# What FIlter Media in Fluval FX5 for New 125g?



## WaWaZat

Hoping to get a step-by-step media formula and maintenance schedule for my newly filled 125g. I will be stocking with Oscars and other big guys and am running a Fluval FX5 by itself... for now. I have a couple old Magnum 330s that I can supplement with if necessary as the babies grow up.

So I'm really confused about what type of media to use in the Fuv and how to maintain it. Along with the canister came the following Fluval media;
Carbon
Pre-Filter
Ammonia Remover
Water Polishing Pads

Should I utilize any of this now or in the future? I am also running silica sand as a substrate so should I use something on the intake tube or position the intake a certain height above the sand?


----------



## smitty

In my FX5 I use the recommended sponges for the outer edges since they are cut to the design of the basket. But i sue the Eheim media for the inner baskets.


----------



## DrgRcr

In mine I use ehfimech in the top, ehfisubstrat in the middle with a custom cut sponge to fit the basket, and ehfisubstrat in the bottom. Along with the provided outer circumference sponges.


----------



## rgr4475

Skip the carbon and ammonia remover. Don't need them at all. The only time you would need carbon is to remove medications that you may have used in your tank. And your benificial bacteria removes the ammonia, it doesn't need any help. Only time you would use ammonia remover is if you had an big ammonia spike for some reason in a cycled tank and risked loosing your fish. I obviously run the sponges on the outer ring. Inside I run Ceramic noodles as my bio media on the two bottom trays. On the top tray I use Filter floss (Pillow stuffing). And thats it! I found the polishing pads clog up way too quickly and aren't worth it for the price. My intake is about 4-6 inches above my substrate with no problems. So keep it simple. Great filter.


----------



## WaWaZat

rgr4475 said:


> Skip the carbon and ammonia remover. Don't need them at all. The only time you would need carbon is to remove medications that you may have used in your tank. And your benificial bacteria removes the ammonia, it doesn't need any help. Only time you would use ammonia remover is if you had an big ammonia spike for some reason in a cycled tank and risked loosing your fish. I obviously run the sponges on the outer ring. Inside I run Ceramic noodles as my bio media on the two bottom trays. On the top tray I use Filter floss (Pillow stuffing). And thats it! I found the polishing pads clog up way too quickly and aren't worth it for the price. My intake is about 4-6 inches above my substrate with no problems. So keep it simple. Great filter.
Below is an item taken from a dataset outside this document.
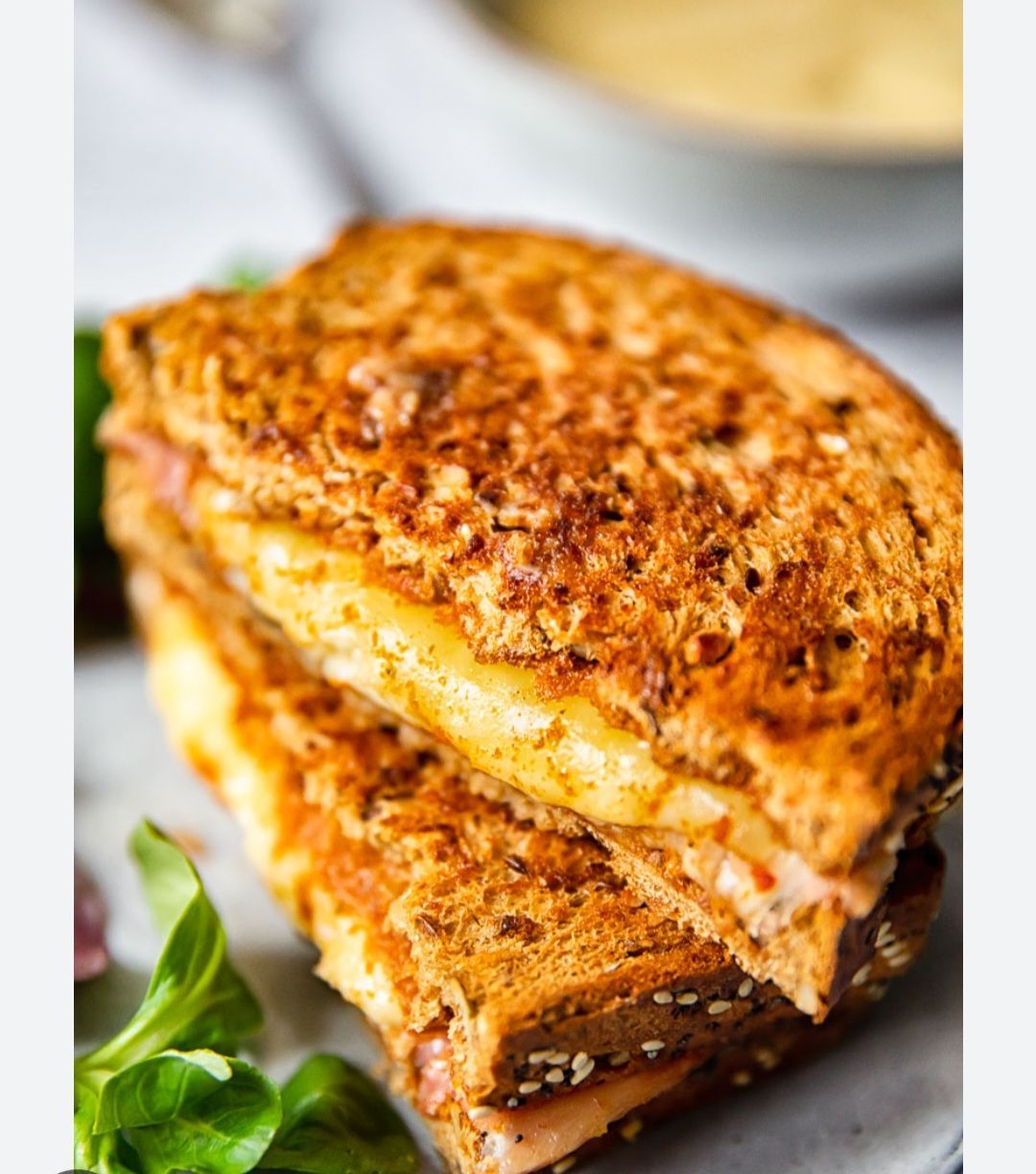 Een gegrilde kaassandwich, rijkelijk belegd, met gesmolten kaas en goudbruin geroosterd brood.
Appreciate the guidance! So are the outer sponges doing all the mechanical filtration... or is that what the Filter Floss is doing as well? Would I need more than this for messy Oscars, plecos and other large stock? If so, what would I use? What about the Fluval Pre-Filter media I have? Can this serve a dual purpose as mechanical & bio? http://www.entirelypets.com/fluvalp...-9C63-DF11-9DA0-002219319097&mr:referralID=NA

Is the Fluval BioMax the stuff to use for bio or is there a better/more cost effective option?; http://www.fosterandsmithaquatics.com/product/prod_display.cfm?pcatid=15433

So is pillow stuffing doing the job as well as filter floss? Is it a less expensive option? Is there a certain type to look for and where's a good place to source it?

Should I run anything on my intake tube?... I am using silica sand as a substrate.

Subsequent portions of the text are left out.